# Video: AQA GCSE Mathematics Higher Tier Pack 3 • Paper 1 • Question 16

Expand and simplify (2𝑥 − 3𝑦)³

03:37

### Video Transcript

Expand and simplify two 𝑥 minus three 𝑦 all to the power of three.

Since we have two 𝑥 minus three 𝑦 to the power of three, that means we’re multiplying it to itself three times. So it’s equal to two 𝑥 minus three 𝑦 times two 𝑥 minus three 𝑦 times two 𝑥 minus three 𝑦. In order to expand, we first need to multiply the first two set of brackets together. And we can use the FOIL method.

So to multiply two 𝑥 minus three 𝑦 times two 𝑥 minus three 𝑦, we multiply the first terms together. That’s what F stands for. And two 𝑥 times two 𝑥 is four 𝑥 squared. Then we multiply the outside terms together: two 𝑥 times negative three 𝑦, negative six 𝑥𝑦. Then we multiply the inside terms together: negative three 𝑦 times two 𝑥, which is negative six 𝑥𝑦.

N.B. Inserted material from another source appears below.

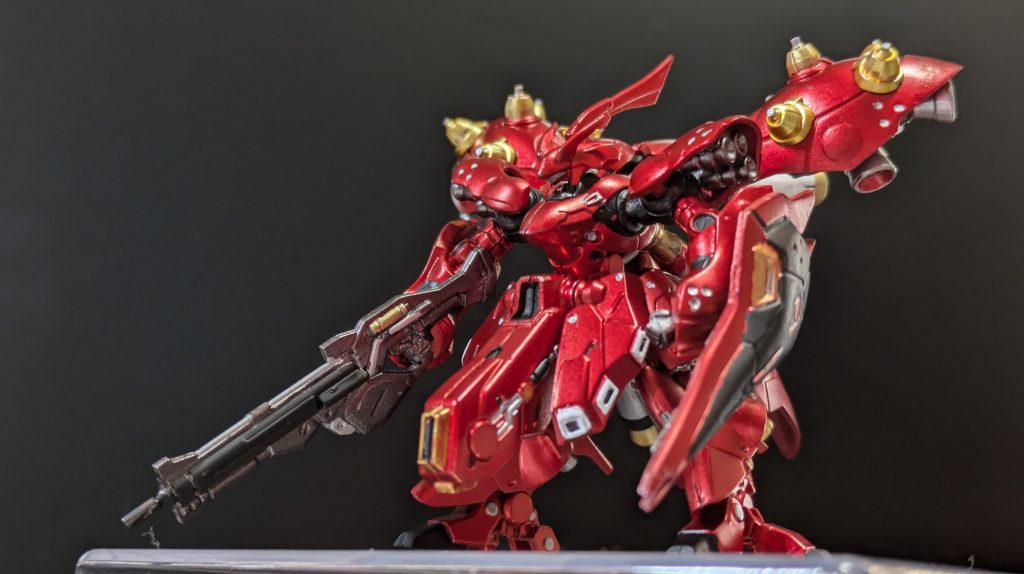 ガンダムアーティファクト　ナイチンゲール–3枚目/制作者：Hammer Smith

Now notice we have negative three 𝑦 times two 𝑥. Negative three times two is negative six. And then 𝑦 times 𝑥 we could write it as 𝑦𝑥. But it’s good to keep the variables in alphabetical order. That way, it is easier to combine like terms, to recognize which terms are alike. And now we multiply the last terms together: negative three 𝑦 times negative three 𝑦, which is positive nine 𝑦 squared.

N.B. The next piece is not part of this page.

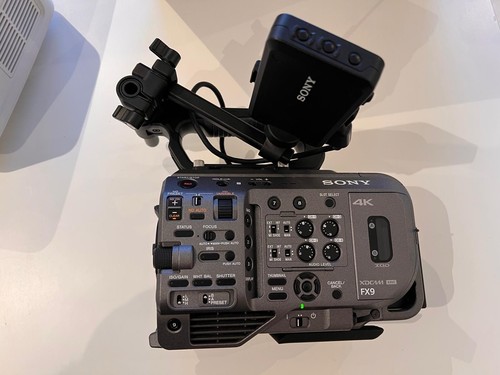 Sony pxw fx9 videocamera - sony,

Now notice the middle terms are alike. Negative six 𝑥𝑦 minus six 𝑥𝑦 is negative 12𝑥𝑦. So now we’ve replaced two 𝑥 minus three 𝑦 times two 𝑥 minus three 𝑦 with four 𝑥 squared minus 12𝑥𝑦 plus nine 𝑦 squared. Now let’s multiply these polynomials together.

So let’s begin expanding. We need to take each of the blue terms and multiply them to each of the pink terms. So we have four 𝑥 squared times two 𝑥. That’s eight 𝑥 cubed. And now we take four 𝑥 squared times negative three 𝑦, which is negative 12𝑥 squared 𝑦. Now we take negative 12𝑥𝑦 times two 𝑥, which is negative 24𝑥 squared 𝑦, and then negative 12𝑥𝑦 times negative three 𝑦, which is positive 36𝑥𝑦 squared. Now we take nine 𝑦 squared times two 𝑥, which is positive 18𝑥𝑦 squared, and lastly nine 𝑦 squared times negative three 𝑦. And we have negative 27𝑦 to the power of three.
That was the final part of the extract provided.